Linken-Fraktions-Chef kritisiert russisches Ostsee-Manöver

Das russische Atom-U-Boot „TK-208 Dmitri Donskoj“ fährt am 21.07.2017 bei Korsoer (Dänemark) durch die Meeresstraße Großer Belt. Das Atom-U-Boot fährt mit drei anderen russischen Kriegsschiffen durch dänische Gewässer, um am russischen Tag der Marine in St. Petersburg teilzunehmen.
Das russische Atom-U-Boot „TK-208 Dmitri Donskoj“ fährt am 21.07.2017 bei Korsoer (Dänemark) durch die Meeresstraße Großer Belt. Das Atom-U-Boot fährt mit drei anderen russischen Kriegsschiffen durch dänische Gewässer, um am russischen Tag der Marine in St. Petersburg teilzunehmen. FOTO: Nanna Navntoft (Ritzau Foto/AP)
Berlin. Die russische und chinesische Marine führen in dieser Woche ein großes Manöver in der Ostsee durch. Dafür gibt es Kritik – überraschenderweise aus der Linkspartei. bob

"Seit Dienstag sind auf der Ostsee drei chinesische Kriegsschiffe, ein russisches Atom-U-Boot und ein Raketenkreuzer an einem Manöver der russischen und chinesischen Marine beteiligt. Dieses Säbelrasseln weckt Erinnerungen an die Zeit des Kalten Krieges." Mit dieser Kritik hat der Fraktionsvorsitzende der Linkspartei im Bundestag, Dietmar Bartsch, am Donnerstag für Diskussionen im Netz gesorgt. "Die Ostsee muss gerade angesichts der angespannten weltpolitischen Lage ein Meer des Friedens werden", fordert Bartsch.

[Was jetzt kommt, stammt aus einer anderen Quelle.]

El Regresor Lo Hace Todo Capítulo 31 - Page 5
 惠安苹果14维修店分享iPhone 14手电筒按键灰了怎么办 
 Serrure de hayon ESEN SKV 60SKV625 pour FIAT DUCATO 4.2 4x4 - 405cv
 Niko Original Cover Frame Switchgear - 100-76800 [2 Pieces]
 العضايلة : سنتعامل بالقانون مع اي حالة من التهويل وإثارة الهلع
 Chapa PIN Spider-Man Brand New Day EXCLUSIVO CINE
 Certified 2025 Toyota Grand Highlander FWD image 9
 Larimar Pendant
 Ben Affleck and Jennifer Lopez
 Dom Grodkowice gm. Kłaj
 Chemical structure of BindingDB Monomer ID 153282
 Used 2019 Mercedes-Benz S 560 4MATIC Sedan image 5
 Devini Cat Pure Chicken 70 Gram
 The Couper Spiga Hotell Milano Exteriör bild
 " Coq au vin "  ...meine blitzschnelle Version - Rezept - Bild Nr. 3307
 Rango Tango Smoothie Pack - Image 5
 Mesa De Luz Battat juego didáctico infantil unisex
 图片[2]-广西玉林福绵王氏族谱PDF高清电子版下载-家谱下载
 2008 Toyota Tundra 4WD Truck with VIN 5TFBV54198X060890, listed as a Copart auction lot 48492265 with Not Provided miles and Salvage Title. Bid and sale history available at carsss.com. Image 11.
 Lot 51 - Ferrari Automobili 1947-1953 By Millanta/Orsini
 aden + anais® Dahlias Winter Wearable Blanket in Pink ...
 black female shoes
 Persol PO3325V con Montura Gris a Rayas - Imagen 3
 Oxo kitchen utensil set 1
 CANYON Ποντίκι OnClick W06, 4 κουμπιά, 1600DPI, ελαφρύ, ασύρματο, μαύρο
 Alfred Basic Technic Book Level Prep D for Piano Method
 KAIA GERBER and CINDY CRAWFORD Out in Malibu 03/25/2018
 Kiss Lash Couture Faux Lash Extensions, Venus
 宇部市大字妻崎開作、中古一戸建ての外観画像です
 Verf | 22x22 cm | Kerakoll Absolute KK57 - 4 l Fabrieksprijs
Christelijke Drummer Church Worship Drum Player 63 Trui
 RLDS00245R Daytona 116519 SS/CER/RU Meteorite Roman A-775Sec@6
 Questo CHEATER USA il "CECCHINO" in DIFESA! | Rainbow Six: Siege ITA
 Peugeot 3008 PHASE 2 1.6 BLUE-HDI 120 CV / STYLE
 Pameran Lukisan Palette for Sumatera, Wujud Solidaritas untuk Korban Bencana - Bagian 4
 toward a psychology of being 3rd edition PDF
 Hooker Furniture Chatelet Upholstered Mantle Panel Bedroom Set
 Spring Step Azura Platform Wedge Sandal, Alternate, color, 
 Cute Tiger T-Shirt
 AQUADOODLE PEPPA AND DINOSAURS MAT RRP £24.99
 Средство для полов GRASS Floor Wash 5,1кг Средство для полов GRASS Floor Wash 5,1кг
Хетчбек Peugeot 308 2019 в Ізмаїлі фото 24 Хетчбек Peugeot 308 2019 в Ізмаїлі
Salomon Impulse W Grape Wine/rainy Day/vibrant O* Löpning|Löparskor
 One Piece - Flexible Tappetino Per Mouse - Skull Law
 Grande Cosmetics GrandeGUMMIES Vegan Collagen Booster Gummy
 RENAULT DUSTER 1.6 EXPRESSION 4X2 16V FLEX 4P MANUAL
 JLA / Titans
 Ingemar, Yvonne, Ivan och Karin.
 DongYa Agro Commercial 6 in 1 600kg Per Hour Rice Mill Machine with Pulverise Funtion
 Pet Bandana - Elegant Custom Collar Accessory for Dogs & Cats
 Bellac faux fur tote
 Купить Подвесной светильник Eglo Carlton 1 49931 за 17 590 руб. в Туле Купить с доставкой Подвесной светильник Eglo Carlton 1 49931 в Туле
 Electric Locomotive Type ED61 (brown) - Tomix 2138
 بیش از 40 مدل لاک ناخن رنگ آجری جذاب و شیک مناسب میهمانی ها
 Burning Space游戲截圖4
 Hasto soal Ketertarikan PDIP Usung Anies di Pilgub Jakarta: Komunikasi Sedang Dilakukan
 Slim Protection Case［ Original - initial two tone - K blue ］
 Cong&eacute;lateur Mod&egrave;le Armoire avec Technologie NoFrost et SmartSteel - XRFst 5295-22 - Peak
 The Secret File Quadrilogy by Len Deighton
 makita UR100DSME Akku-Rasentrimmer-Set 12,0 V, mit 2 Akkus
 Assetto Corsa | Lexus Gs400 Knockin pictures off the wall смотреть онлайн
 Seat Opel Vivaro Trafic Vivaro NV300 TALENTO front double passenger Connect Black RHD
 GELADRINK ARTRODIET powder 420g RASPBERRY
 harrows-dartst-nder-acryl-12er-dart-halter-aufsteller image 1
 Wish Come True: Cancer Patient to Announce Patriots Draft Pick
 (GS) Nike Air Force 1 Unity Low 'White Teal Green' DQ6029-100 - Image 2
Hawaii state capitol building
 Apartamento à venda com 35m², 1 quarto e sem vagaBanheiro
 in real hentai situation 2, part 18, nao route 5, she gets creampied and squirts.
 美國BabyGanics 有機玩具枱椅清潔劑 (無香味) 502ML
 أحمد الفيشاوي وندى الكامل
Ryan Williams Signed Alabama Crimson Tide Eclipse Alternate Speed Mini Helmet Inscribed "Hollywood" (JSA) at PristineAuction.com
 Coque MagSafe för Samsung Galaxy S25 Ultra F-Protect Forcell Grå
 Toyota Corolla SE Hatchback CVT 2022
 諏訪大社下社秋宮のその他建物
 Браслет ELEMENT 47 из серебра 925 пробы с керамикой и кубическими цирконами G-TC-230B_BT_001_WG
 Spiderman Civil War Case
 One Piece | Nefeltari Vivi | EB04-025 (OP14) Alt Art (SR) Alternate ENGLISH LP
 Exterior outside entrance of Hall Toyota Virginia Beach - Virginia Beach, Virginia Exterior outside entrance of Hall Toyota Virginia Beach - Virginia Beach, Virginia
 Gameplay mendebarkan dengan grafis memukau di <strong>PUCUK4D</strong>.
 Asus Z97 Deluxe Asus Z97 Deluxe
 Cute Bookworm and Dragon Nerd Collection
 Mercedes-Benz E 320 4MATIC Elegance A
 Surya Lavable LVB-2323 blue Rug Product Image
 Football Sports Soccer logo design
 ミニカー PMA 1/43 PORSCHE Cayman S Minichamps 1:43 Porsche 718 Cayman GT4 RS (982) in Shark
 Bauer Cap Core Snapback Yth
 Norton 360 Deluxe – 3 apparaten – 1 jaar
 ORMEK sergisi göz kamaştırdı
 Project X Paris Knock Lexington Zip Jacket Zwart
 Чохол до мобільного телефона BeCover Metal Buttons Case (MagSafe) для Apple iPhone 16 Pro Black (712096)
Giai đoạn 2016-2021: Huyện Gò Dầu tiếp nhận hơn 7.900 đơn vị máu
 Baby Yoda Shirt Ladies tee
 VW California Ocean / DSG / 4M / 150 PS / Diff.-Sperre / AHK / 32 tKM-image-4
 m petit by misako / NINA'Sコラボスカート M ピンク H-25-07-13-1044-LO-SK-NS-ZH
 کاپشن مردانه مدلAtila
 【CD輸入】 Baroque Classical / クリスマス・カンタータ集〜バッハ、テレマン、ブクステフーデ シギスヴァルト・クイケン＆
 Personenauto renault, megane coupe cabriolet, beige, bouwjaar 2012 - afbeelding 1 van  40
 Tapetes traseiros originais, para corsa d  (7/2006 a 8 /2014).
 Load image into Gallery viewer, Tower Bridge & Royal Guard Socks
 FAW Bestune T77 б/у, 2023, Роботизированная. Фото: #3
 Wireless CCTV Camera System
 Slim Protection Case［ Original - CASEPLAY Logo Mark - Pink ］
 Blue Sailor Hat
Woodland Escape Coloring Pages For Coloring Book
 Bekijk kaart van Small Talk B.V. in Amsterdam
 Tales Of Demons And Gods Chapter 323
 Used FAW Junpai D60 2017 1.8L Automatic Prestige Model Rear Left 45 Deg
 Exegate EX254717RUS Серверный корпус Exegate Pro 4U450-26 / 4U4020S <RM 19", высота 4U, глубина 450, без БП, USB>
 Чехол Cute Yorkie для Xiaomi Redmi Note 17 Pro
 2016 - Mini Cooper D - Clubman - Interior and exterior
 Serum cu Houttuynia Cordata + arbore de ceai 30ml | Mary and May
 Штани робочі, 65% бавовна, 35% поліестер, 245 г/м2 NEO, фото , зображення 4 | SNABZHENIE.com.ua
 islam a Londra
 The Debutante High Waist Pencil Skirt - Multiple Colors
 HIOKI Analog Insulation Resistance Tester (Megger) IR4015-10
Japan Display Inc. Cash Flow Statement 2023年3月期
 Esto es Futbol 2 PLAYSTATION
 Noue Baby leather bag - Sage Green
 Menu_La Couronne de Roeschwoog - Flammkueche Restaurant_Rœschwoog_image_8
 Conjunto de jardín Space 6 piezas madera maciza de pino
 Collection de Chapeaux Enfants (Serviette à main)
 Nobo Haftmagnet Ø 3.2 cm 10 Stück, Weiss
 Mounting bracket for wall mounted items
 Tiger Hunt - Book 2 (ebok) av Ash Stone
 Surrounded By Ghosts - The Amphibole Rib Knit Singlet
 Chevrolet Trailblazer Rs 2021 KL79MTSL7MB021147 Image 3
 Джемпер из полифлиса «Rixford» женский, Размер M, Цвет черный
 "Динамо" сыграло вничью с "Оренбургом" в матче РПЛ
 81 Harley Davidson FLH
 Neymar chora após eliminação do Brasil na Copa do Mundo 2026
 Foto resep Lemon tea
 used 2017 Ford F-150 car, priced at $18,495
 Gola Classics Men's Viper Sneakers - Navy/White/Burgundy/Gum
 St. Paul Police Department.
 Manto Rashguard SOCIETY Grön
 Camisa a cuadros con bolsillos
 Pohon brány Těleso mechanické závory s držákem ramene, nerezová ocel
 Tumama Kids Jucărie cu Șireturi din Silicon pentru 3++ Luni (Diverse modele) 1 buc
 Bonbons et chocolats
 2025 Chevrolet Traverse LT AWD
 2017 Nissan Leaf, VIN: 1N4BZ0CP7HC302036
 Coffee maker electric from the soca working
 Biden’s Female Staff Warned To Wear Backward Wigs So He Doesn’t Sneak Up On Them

An dem russischen Manöver "Maritime Zusammenarbeit 2017" nehmen drei chinesische Marineschiffe teil, sagte ein Sprecher der Baltischen Flotte Russlands der Agentur Tass. Die aktive Phase der Übung sollte demnach am Dienstag mit Artillerieschüssen auf Ziele in der Luft und auf dem Wasser beginnen. Die chinesischen Schiffe waren am Freitag im Hafen von Baltijsk, dem Sitz der Baltischen Flotte, eingetroffen.

Das EU- und Nato-Mitglied Litauen kündigte an, die Übung genau zu beobachten. Die Nato hat in der vergangenen Woche in Rumänien, Ungarn und Bulgarien ihre diesjährige Großübung "Saber Guardian 17" durchgeführt. Teil des Manövers waren auch maritime Übungen im Schwarzen Meer. Rund 25 000 Soldaten aus 22 Nato-Staaten sind beteiligt.

Bartsch schloss auch die Nato in seine Kritik ein: "Sowohl Russland als auch die NATO-Staaten sollten die Ostsee nicht zum Schauplatz gegenseitiger Provokationen machen."